Fair value assumptions
- NZ IFRS 7 (paragraph 25), with limited exceptions, requires entities to disclose the fair value4 of each class of financial assets and liabilities in a way that permits comparison with its carrying amount.
- NZ IAS 39 Financial instruments: recognition and measurement contains a hierarchy for determining the fair value of financial instruments. The best evidence of fair value is quoted prices in an active market (paragraph 48). If the market for a financial instrument is not active entities are required to establish fair value by using valuation techniques.5 During stressed market conditions the Commission anticipates that entities will need to increase their reliance on valuation techniques to establish the fair value of their financial instruments. This requires more judgement on the part of the issuer.
- Consistent with this increase in judgement NZ IFRS 7 (paragraph 27(a)) requires entities to disclose:
"the methods and, when a valuation technique is used, the assumptions applied in determining fair values of each class of financial assets or financial liabilities.
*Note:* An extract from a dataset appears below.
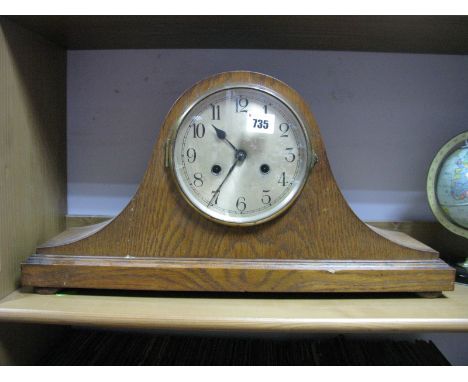 An Oak Veneered Mantel Clock, arched Napoleon hat case, silvered dial, black Arabic numerals on bun feet.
For example, if applicable, an entity discloses information about the assumptions relating to prepayment rates, rates of estimated credit losses, and interest and discount rates." [emphasis added]
- The Commission has observed that several issuers use valuation techniques to measure the fair value of their interest rate swaps. However, the issuers did not disclose the assumptions applied in determining those fair values. The disclosures the issuers made only included the method of valuation and a general reference that market interest rates were used to discount the cash flows relating to the swaps.
- The Commission considers that the actual assumptions applied in determining the fair values of interest rate swaps should be disclosed. The Commission does not consider that general disclosures such as 'market rates were applied' are sufficient to meet the requirements of paragraph 27(a) of NZ IFRS 7.
- The issuers written to have agreed to make further disclosures to comply with paragraph 27(a) of IFRS 7.